A final paper examines very faint, smudge-like galaxies known as ultra-diffuse galaxies. As their name suggests, these objects, which are scattered throughout the El Gordo cluster, have their stars widely spread out across space. The team identified some of the most distant ultra-diffuse galaxies ever observed, whose light traveled 7.2 billion years to reach us.

“We examined whether the properties of these galaxies are any different than the ultra-diffuse galaxies we see in the local universe, and we do actually see some differences. In particular, they are bluer, younger, and more extended and more evenly distributed throughout the cluster. This suggests that living in the cluster environment for the past 7 billion years has had a significant effect on these galaxies,” said Timothy Carleton of ASU, lead author on the fourth paper.


Three ultra-diffuse galaxies (leftovers of galaxy formation) in the El Gordo cluster observed with JWST.

The paper by Frye et al. has been published in the Astrophysical Journal.

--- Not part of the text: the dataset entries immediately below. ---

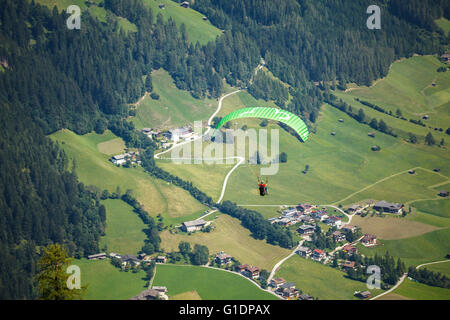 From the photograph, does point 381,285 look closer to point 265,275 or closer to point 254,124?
point 265,275

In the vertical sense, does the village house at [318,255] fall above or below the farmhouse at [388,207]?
below

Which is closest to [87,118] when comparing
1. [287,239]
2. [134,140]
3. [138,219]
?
[134,140]

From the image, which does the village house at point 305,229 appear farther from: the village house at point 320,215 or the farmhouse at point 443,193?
the farmhouse at point 443,193

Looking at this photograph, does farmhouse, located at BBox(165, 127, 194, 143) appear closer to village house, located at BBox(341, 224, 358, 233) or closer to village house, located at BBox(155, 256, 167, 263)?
village house, located at BBox(341, 224, 358, 233)

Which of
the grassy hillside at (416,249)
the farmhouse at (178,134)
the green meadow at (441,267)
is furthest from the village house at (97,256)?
the green meadow at (441,267)

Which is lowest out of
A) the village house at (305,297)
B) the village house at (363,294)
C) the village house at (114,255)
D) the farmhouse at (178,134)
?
the village house at (363,294) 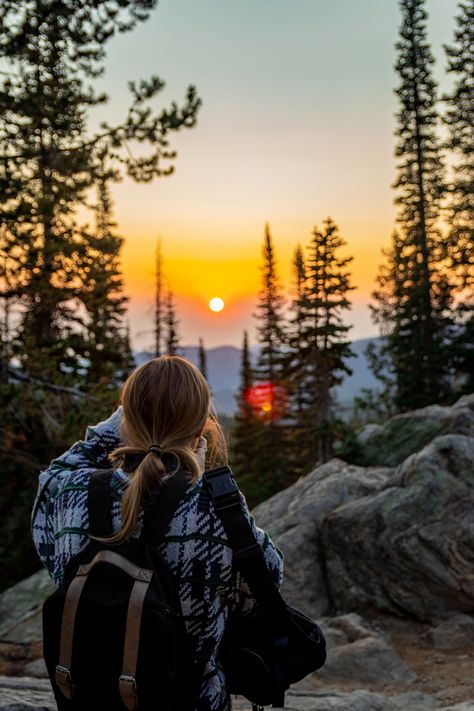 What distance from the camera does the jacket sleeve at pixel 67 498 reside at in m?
2.20

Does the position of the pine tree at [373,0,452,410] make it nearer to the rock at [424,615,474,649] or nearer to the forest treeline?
the forest treeline

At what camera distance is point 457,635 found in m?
8.49

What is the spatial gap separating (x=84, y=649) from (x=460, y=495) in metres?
8.45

The paper by Kamieneski et al. has been accepted for publication in the Astrophysical Journal. The paper by Diego et al. has been published in Astronomy & Astrophysics. The paper by Carleton et al. has been accepted for publication in the Astrophysical Journal.

Image credits: Science: NASA, ESA, CSA, Jose M. Diego (IFCA), Brenda Frye (University of Arizona), Patrick Kamieneski (ASU), Tim Carleton (ASU), Rogier Windhorst (ASU); Animation Image Processing: Patrick Kamieneski (ASU), Jake Summers (ASU), Jordan C. J. D'Silva (UWA), Anton M. Koekemoer (STScI), Aaron Robotham (UWA), Rogier Windhorst (ASU)

This release was written by the Space Telescope Science Institute press team with contributions from Kim Baptista of ASU’s School of Earth and Space Exploration.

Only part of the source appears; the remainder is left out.